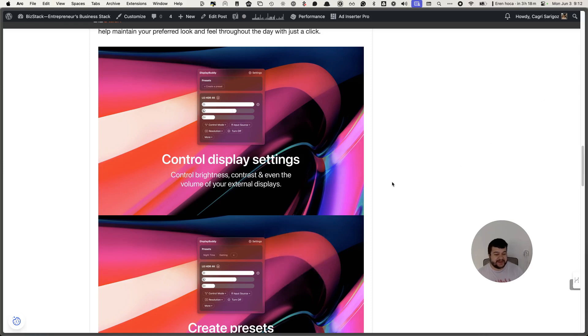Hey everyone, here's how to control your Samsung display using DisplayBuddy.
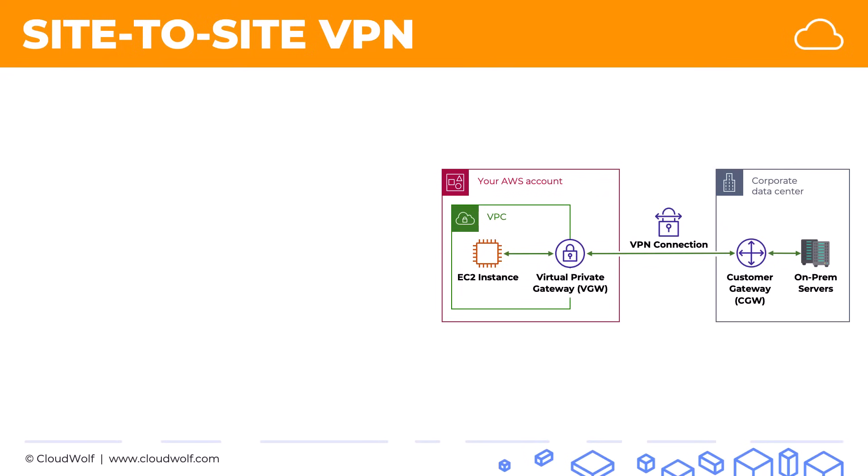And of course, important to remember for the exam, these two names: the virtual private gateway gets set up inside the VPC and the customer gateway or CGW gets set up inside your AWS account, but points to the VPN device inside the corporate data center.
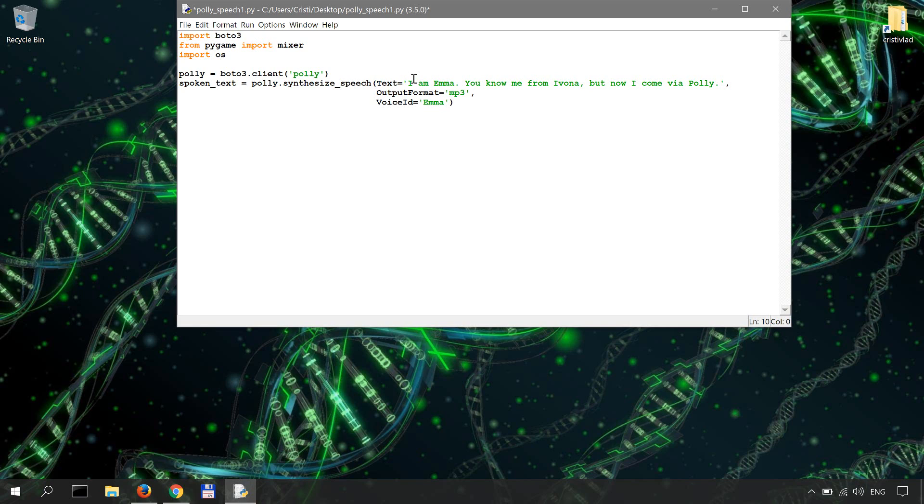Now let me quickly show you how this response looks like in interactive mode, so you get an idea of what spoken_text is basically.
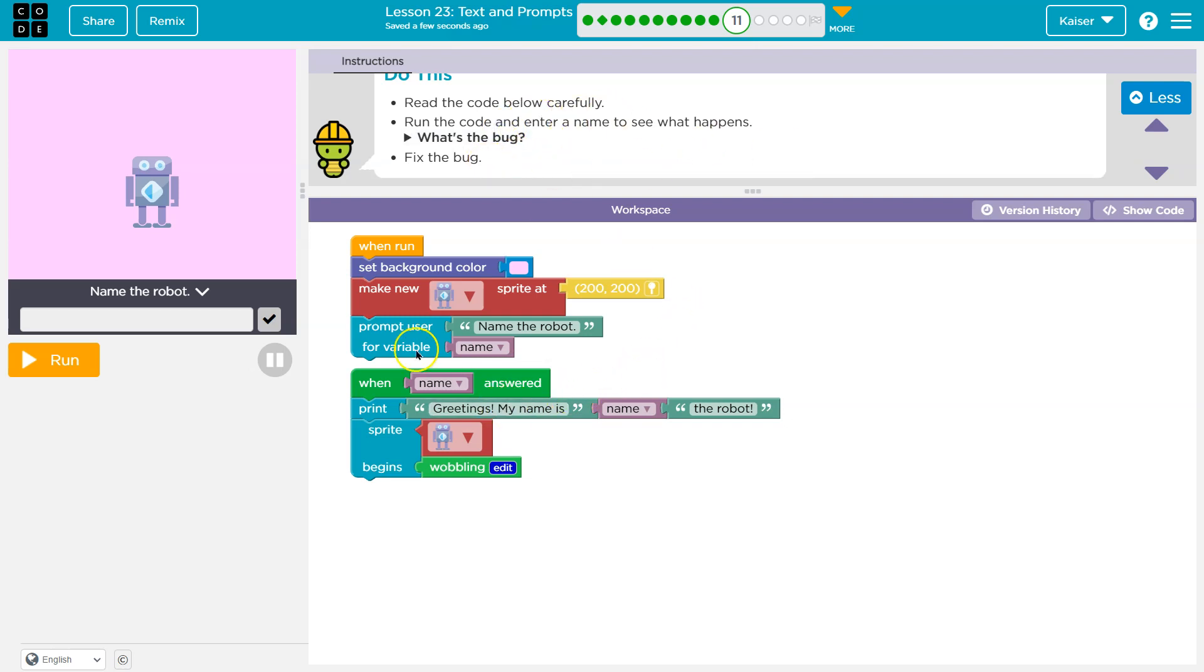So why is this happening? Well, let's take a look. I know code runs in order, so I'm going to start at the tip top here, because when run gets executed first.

### Prompt
Output the data above verbatim, pictures excluded.

### Response area
Hey everyone, here's how to control your Samsung display using DisplayBuddy.
And of course, important to remember for the exam, these two names: the virtual private gateway gets set up inside the VPC and the customer gateway or CGW gets set up inside your AWS account, but points to the VPN device inside the corporate data center.
Now let me quickly show you how this response looks like in interactive mode, so you get an idea of what spoken_text is basically.
So why is this happening? Well, let's take a look. I know code runs in order, so I'm going to start at the tip top here, because when run gets executed first.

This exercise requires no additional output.